> Next: Spacing Plantings
Healthy Trees and Shrubs
Follow our simple tips to choose the healthiest trees and shrubs available for planting in your home’s landscape. Reject any with easily recognized or hidden problems.
Finding Healthy Trees and Shrubs
When the time comes to acquire new trees and shrubs, you’ll have many selections and quality grades from which to choose.
Choices include plants at a local nursery or garden center and selections on the Internet from a grower’s catalog. Universities and plant groups also hold springtime sales. We always recommend that you personally see the stock you’ll plant, if possible.
Quality starts with good care. If you shop locally, take a look around. Are the aisles clean and merchandise neatly displayed? Do the plants look healthy overall? Is the staff knowledgeable? Generally, retailers that pays attention to these details are good bets to also stock healthy plants.
For trees, options include balled-and-burlapped plants, bare-root plants, and those grown in containers. All of these options provide good, healthy trees and shrubs.
Most shrubs are available in nursery-grower containers. In early spring, avoid any carryover stock still in the store from the prior season. Such plants may be root-bound, shop-worn, or permanently stunted.
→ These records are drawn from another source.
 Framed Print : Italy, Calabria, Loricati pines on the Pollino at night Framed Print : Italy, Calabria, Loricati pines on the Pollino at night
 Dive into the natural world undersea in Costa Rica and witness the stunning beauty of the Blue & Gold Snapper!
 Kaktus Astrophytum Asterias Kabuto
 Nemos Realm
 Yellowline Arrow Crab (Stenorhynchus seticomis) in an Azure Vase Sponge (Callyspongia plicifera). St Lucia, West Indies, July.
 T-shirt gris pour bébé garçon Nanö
During the growing season, visually inspect each plant. Start by looking at the leaves or foliage.
Healthy plants have good color, without any discoloration. Gently flex the twigs: healthy twigs have some spring to them and should bend, never snap. Avoid those with obvious damage or dead spots.
Next examine the plant’s root system. With nursery or garden center staff’s permission, place the tree or shrub on its side and carefully its rootball partway out of the container.
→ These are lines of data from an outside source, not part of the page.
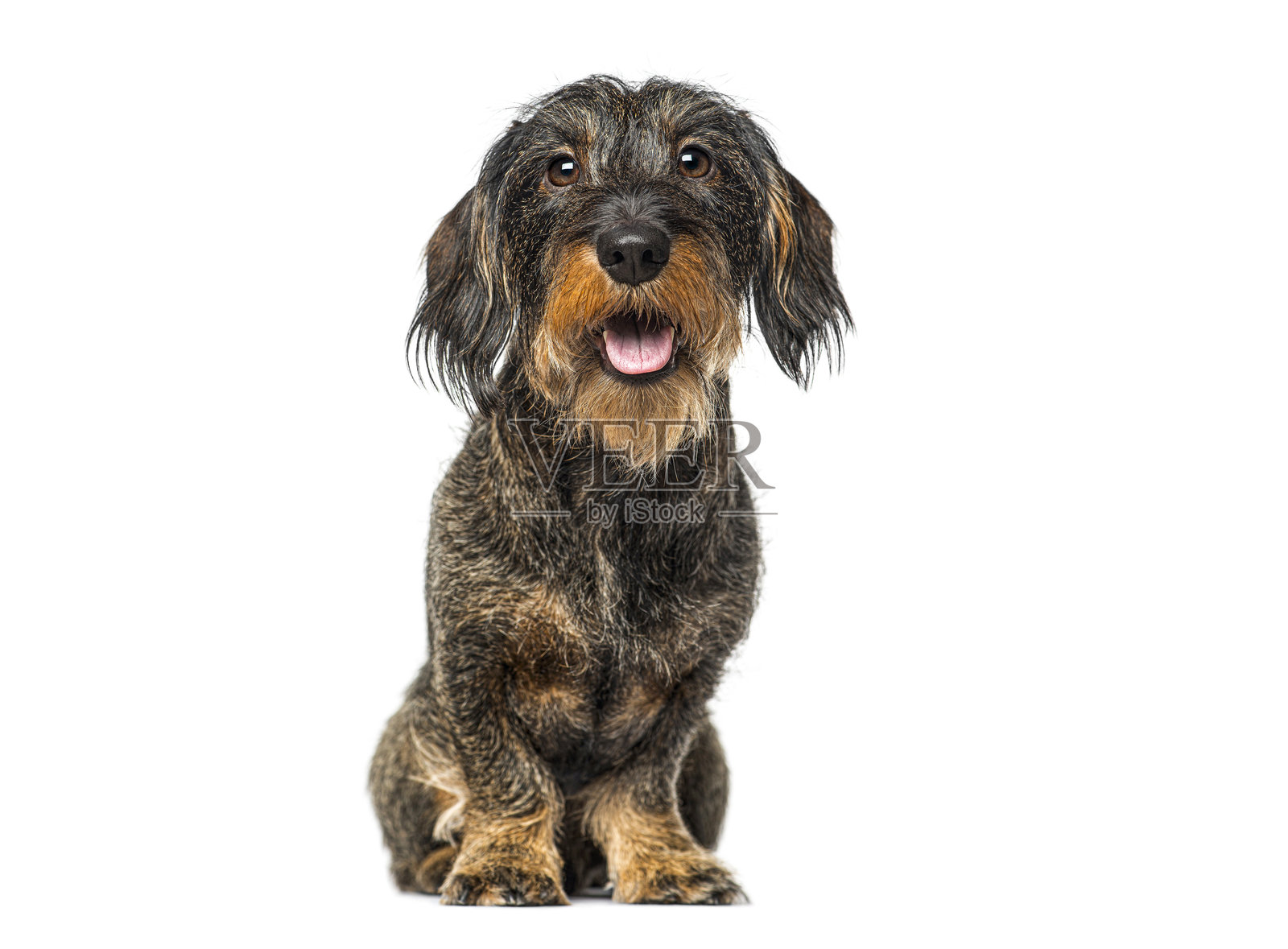 刚毛腊肠犬坐着，看向镜头照片摄影图片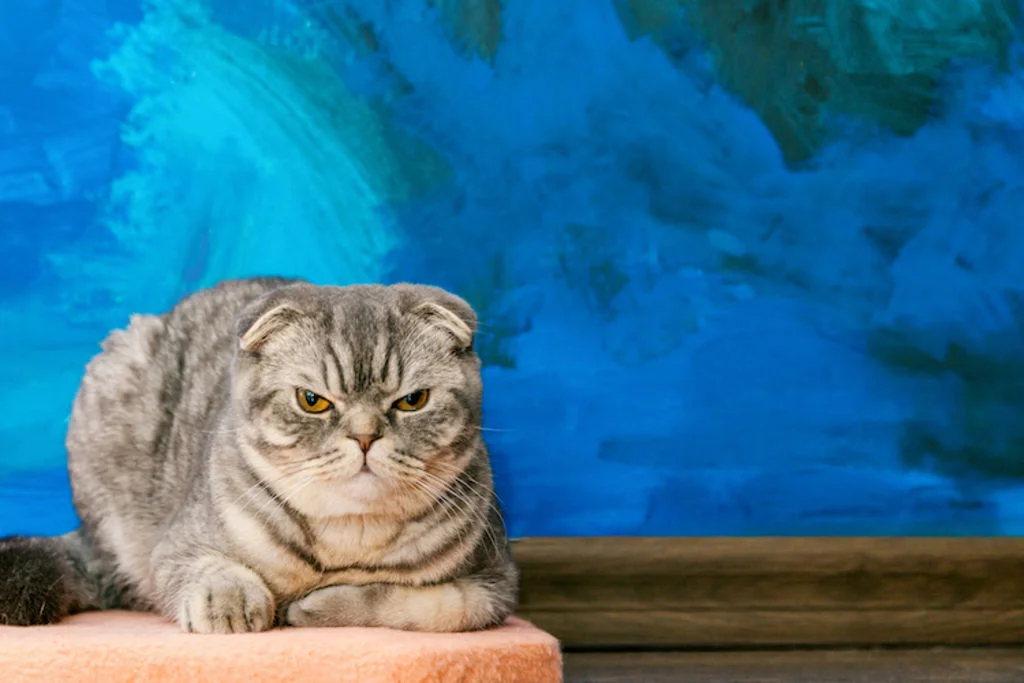 changement_d_heure_consequence_pour_le_chat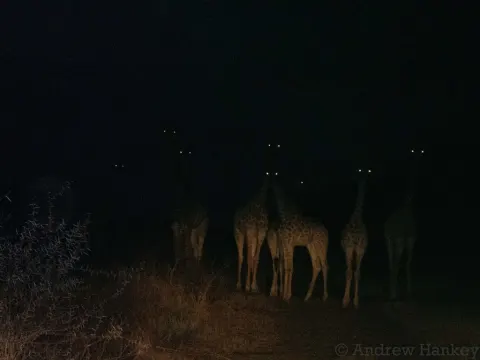 Southern Giraffe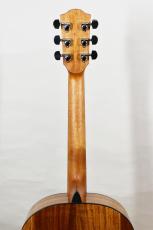 tkitki guitar hoa/w.S-koa_9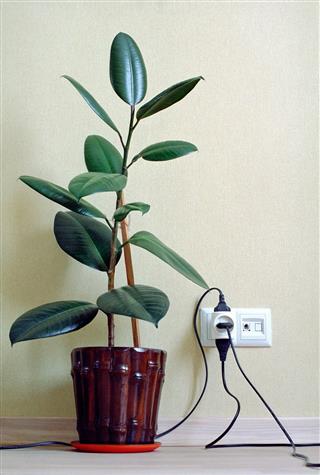 Indian Rubber Houseplant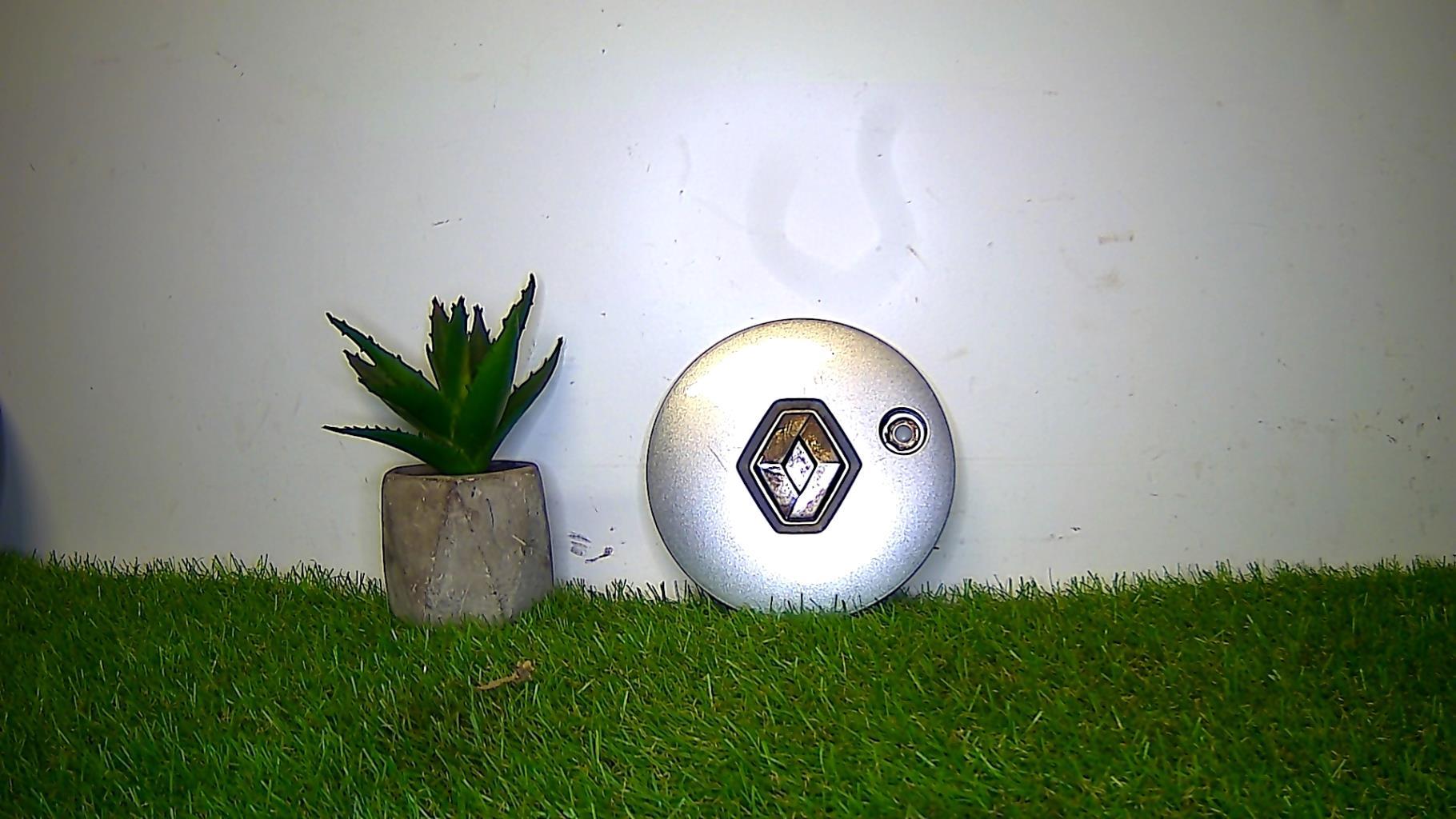 Logo RENAULT RENAULT  - 1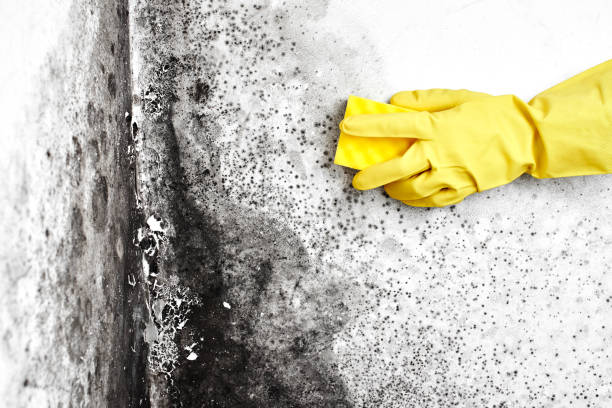 Best Black Mold Removal  in Potomac, MD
Some roots, whitish in color, should be visible on the outside of the rootball. If the roots are dark brown, badly tangled, or encircling the pot, look for a healthier plant.
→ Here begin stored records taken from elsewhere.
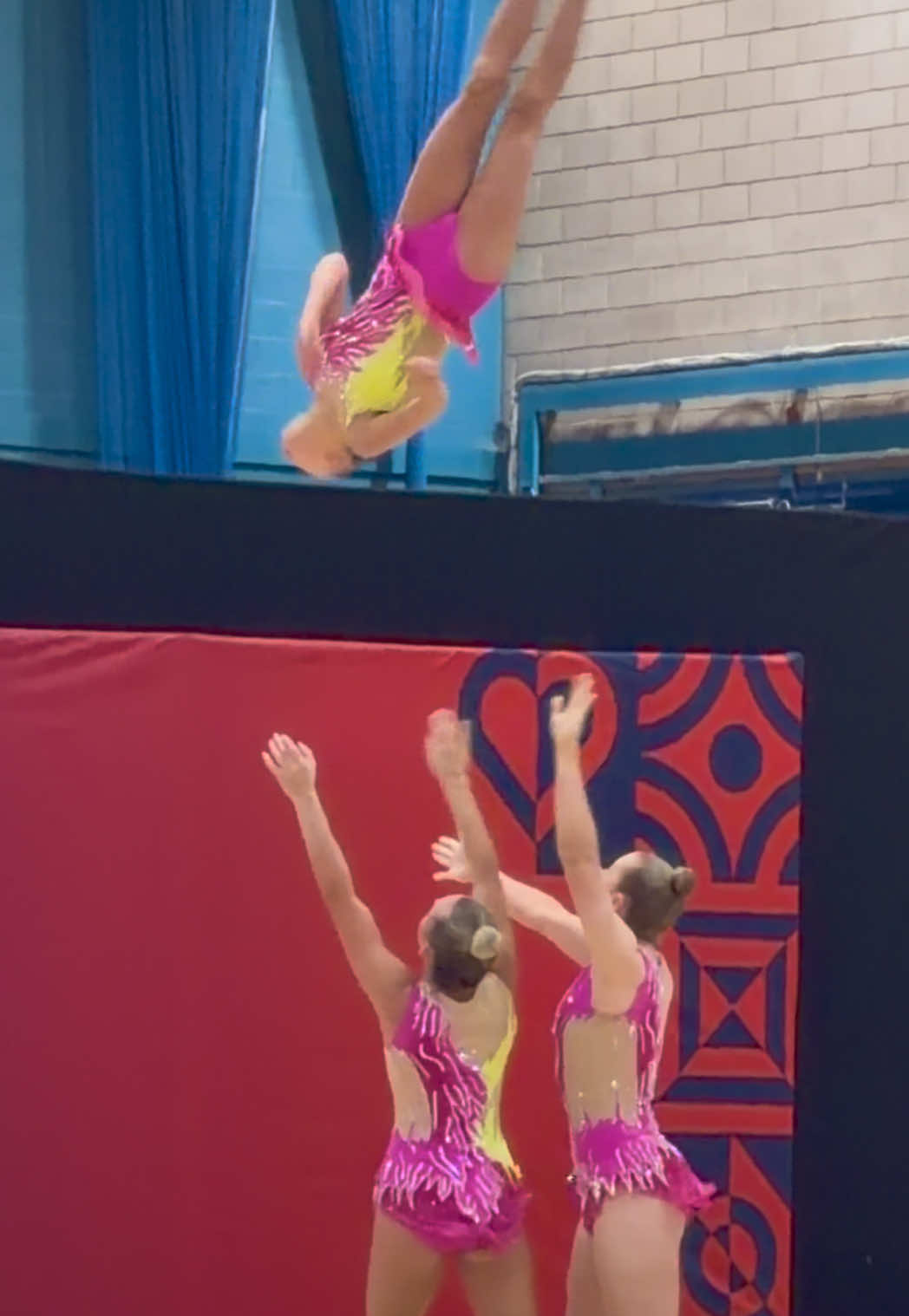 @acrogym.tv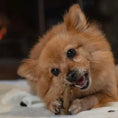 Load image into Gallery viewer, Occupy Antler Natural Dental Chews For Dogs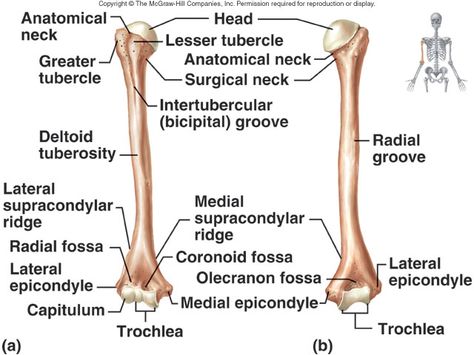 E. Intertubercular and radial grooves of humerous Appendicular Skeleton, Radiography Student, Radiology Schools, Axial Skeleton, Human Skeleton Anatomy, Computer Forensics, Anatomy Bones, Skeleton Anatomy, Basic Anatomy And Physiology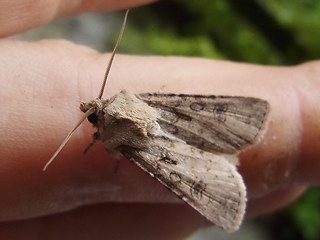 Agrotis segetum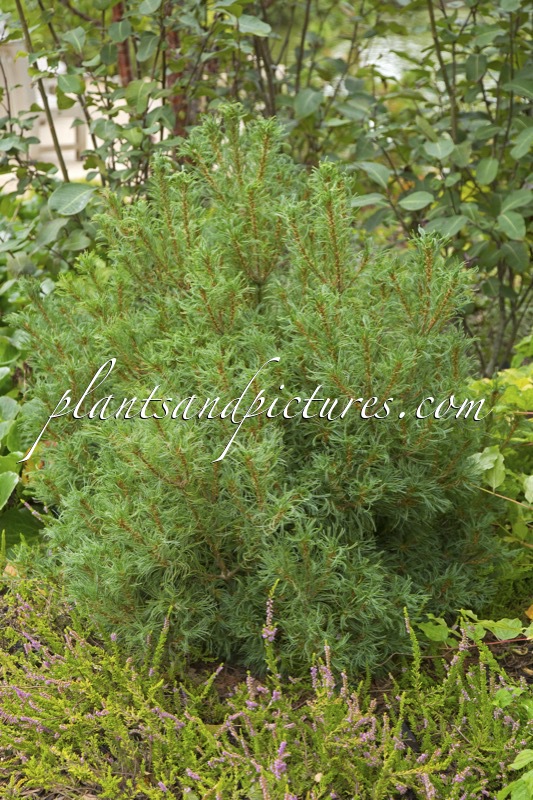 Pinus strobus ‘Tiny Curls’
Avoid the urge to create an instant landscape. Resist your temptation to choose the largest plant in the largest container or box.
Research shows that the smaller a tree or shrub is planted, the better it will adapt and the healthier it will be.
Young plants also are more economical. They’re easier to transport and carry to your planting site. Choose trees and shrubs in 1-gallon (3.8-l) or 5-gallon (18.9-l) containers.
Plant Hardiness
The United States Department of Agriculture (U.S.D.A.) studied long-term climate data to divide North America into 11 plant hardiness zones. GrownByYou.com has interpreted similar climate data from around the world to draw maps of some other world locations [see Plant Hardiness Around the World].
Follow these zone recommendations by choosing trees and shrubs rated numerically for adaptation to your zone—for example, zones 4–7. Plant hardiness zones are usually listed on plant tags, labels or other plant references For convenience, GrownByYou.com includes the zone recommendations in all of our tree and shrub listings.